Risk management at Gasunie is focused on managing our business operations and the factors that affect the feasibility of our strategy and objectives. As an integral part of our activities and strategy formation, active risk management helps us achieve our goals and demonstrates that we act carefully and within the law.
In our current activities, risk management supports the organisation in mitigating the controllable operational, reporting and compliance risks to an acceptable level. In determining strategy and making decisions, we always strive for an optimum balance between risk and reward. Our risk appetite serves as a guideline in this.
Risk framework: policy and control
Risk management is a continuous process that is performed at all levels of the organisation. Our employees act on the basis of our core values and risk awareness, and form the basis of risk management at Gasunie in that sense.
The Executive Board is responsible for risk management within our company, and is accountable to the Supervisory Board for that. It is supported by the Corporate Risk Management department. At corporate and business unit level, we mainly identify and control the strategic and external risks and opportunities. Within the operational work processes and the projects, the focus is mainly on operational, reporting and compliance risks.

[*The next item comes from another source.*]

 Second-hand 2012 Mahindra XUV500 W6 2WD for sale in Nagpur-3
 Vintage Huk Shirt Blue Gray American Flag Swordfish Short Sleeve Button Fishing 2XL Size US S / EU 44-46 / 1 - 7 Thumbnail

We use the Three Lines of Defence (3LoD) model. The first line is formed by our business/line management: this is primarily responsible for implementing the strategy and the activities and therefore also for the use of risk management. The second line consists of corporate departments, including Risk Management, Control and Safety, whose task it is to advise, challenge and sometimes also test the operating activities in the (business) units. An ‘Expert Committee’ is deployed to advise the Executive Board specifically for large or strategic projects. The third line is formed by the Operational Audit department, which carries out operational audits to assess the set-up and functioning of the risk management system and control and reports on this to the Chair of the Executive Board and the Audit Committee of the Supervisory Board.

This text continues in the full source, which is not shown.